Create a table definition file for an external data source

This page describes how to create a table definition file for an external data source. An external data source is a data source that you can query directly even though the data is not stored in BigQuery.

A table definition file contains an external table's schema definition and metadata, such as the table's data format and related properties. When you create a table definition file, you can use schema auto-detection to define the schema for an external data source. You can provide the schema inline or you can provide a JSON file containing the schema definition.

Table definition files are used with the bq command-line tool. The properties in a table definition file also apply to creating an ExternalDataConfiguration when you use the REST API. You do not use table definition files when you create an external table by using the Google Cloud console.

You can create table definition files to describe a permanent or temporary external table for the following external data sources:

  • Cloud Storage

    • Comma-separated values (CSV)
    • Newline-delimited JSON
    • Avro files
    • Datastore export files
    • ORC files
    • Parquet files
    • Firestore export files
  • Google Drive

    • Comma-separated values (CSV)
    • Newline-delimited JSON
    • Avro files
    • Google Sheets
  • Bigtable

Before you begin

To create a table definition file, you need the URI for your data source:

Create a definition file for CSV, JSON, or Google Sheets files

Use one of the following methods to create a table definition file for CSV, JSON, or Google Sheets files in Cloud Storage or Drive:

Use the autodetect flag

If you specify a CSV, JSON, or Google Sheets file without including an inline schema description or a schema file, you can use the --autodetect flag to set the "autodetect" option to true in the table definition file. When auto-detect is enabled, BigQuery makes a best-effort attempt to automatically infer the schema. For more information, see Schema auto-detection for external data sources.

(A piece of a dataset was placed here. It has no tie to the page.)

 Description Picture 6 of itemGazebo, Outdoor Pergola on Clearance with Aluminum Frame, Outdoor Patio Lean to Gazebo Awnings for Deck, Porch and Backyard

Use auto-detect with a Cloud Storage data source

Create a table definition file for a Cloud Storage data source:

  1. Use the bq mkdef command with the --autodetect flag to create a table definition file. The mkdef command generates a table definition file in JSON format. The following example creates a table definition and writes the output to a file: /tmp/file_name.

    bq mkdef \
      --autodetect \
      --source_format=SOURCE_FORMAT \
      "URI" > /tmp/FILE_NAME
    

    Replace the following:

    • SOURCE_FORMAT: your file format
    • FILE_NAME: the name of your table definition file
    • URI: the Cloud Storage URI

      For example, gs://mybucket/myfile.

  2. (Optional) Open the table definition file in a text editor. For example, the command nano /tmp/file_name opens the file in nano. The file should look like the following for a CSV external data source. Notice "autodetect" is set to true.

    {
    "autodetect": true,
    "csvOptions": {
      "allowJaggedRows": false,
      "allowQuotedNewlines": false,
      "encoding": "UTF-8",
      "fieldDelimiter": ",",
      "quote": "\"",
      "skipLeadingRows": 0
    },
    "sourceFormat": "CSV",
    "sourceUris": [
      "URI"
    ]
    }
    
  3. (Optional) Manually edit the table definition file to modify, add, or delete general settings such as maxBadRecords and ignoreUnknownValues. There are no configuration settings that are specific to JSON source files, but there are settings that apply to CSV and Google Sheets files. For more information, see ExternalDataConfiguration in the API reference.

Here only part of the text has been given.